New York.- Vicki James Yiannias
The October 25 premier of “Dinner at Iocasti’s”, a brilliant comedy written by Akis Dimou and directed by Anastasios Samaras playing through December 8 at the Greek Cultural Center in Astoria, lightened a succession of grey days with a hilarity that still infuses the days a week later.
This effect of the play holds true for the actors, as well. “I find that my actual mood benefits from Stefanos, the character I play…. a little dancing and singing onstage during the weekends is good for the psyche,” says Cyprus-born Alexander Malaos (his 2012 comedy “With Only Two Pieces of Luggage” was off-the-charts funny), who plays Stefanos, Iocasti’s son, “I suppose I’ve covered a nice mix of genres during my Greek Cultural Center tenure. Some plays were more somber, others more thought-provoking, more satirical, more political etc. And others, like “Dinner at Iokasti’s” are just good ol’ lighthearted fun! It’s good to squeeze one of those into your repertoire when you can.”

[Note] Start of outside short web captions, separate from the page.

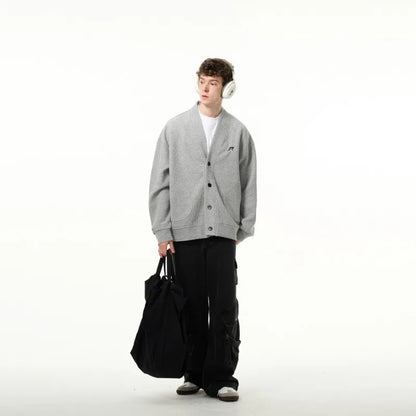 American V-neck Mens Cardigan Spring New Embroidered Casual Loose Couple Knitted Coats Single Breasted Solid Sweater Jackets Street King Limited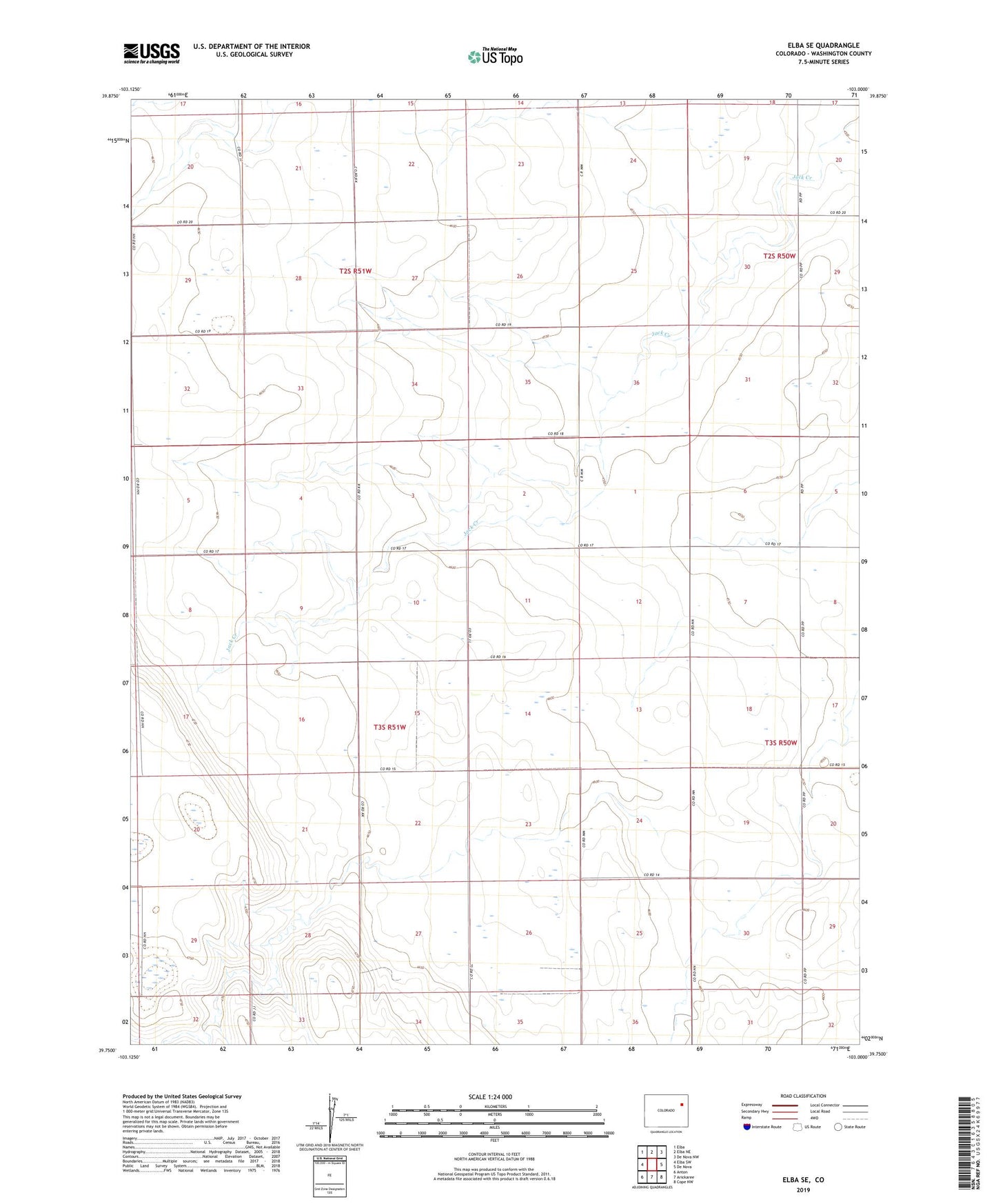 Elba SE Colorado US Topo Map Image
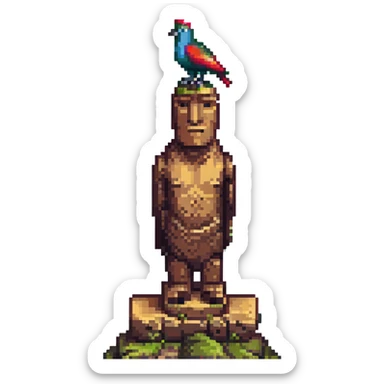 A bird perched on a moai statue. sticker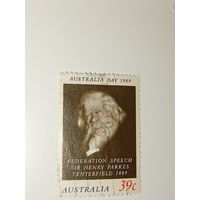 Австралия год 1989.  Столетие речи сэра Генри Паркса в Тентерфилде в 1889 году, посвященной объединению Австралии.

The play, whose semaphoric set design consists only of a luminescent wall punctuated by a flat screen electronic aquarium showing darting orange fish, a chaise longue with a huge leopard skin throw and a table and chairs, was so funny that one of the audience–not of Greek heritage and not a Greek speaker–thrilled by the top performances of the actors expressed to Mr. Dimou his intention to see the play again. “Dinner at Iocasti’s” is in Greek with English supertitles.
Characters: Christos Alexandris as Iocasta’s dead husband, owner of a T-shirt factory; Fotis Batzas as Cosmas their attorney; Kally Giannou as Nantia the manicurist; Alex Malaos as Iocasta’s son; Anastasia Pantelidi as Iocasta; Dimitris Pantos as Youri the indomitable Estonian who knows everyone’s secrets; and Katerina Zoupanou, Iocasti’s daughter, a wannabe chef who is cooking dinner at Iocasti’s.
Speaking with the GN, Mr. Dimou discussed the themes of “Dinner at Iocasti’s”, described accurately in the program as “a witty comedy with many elements of farce, a crazy social satire that parodies the industry of Greek family sit-coms”. “One very basic theme of the play has much to do with foreigners… their entry into Greece,” said Dimou, “The other is the slowly changing shape of the Greek family… with its secrets rising to the surface we realize it isn’t as holy or as peaceful as was supposed. The theme of homosexuality confronted by Iocasti as it is revealed through the character of her son, Stefanos. And the theme of the emergence of the crisis… this was an the era in which, at least in northern Greece, where I live and which I can judge well–many businesses were leaving Greece to relocate in Bulgaria other Balkan countries because there were cheaper costs. These themes are what the play revolved around… they are the leitmotifs of the play.”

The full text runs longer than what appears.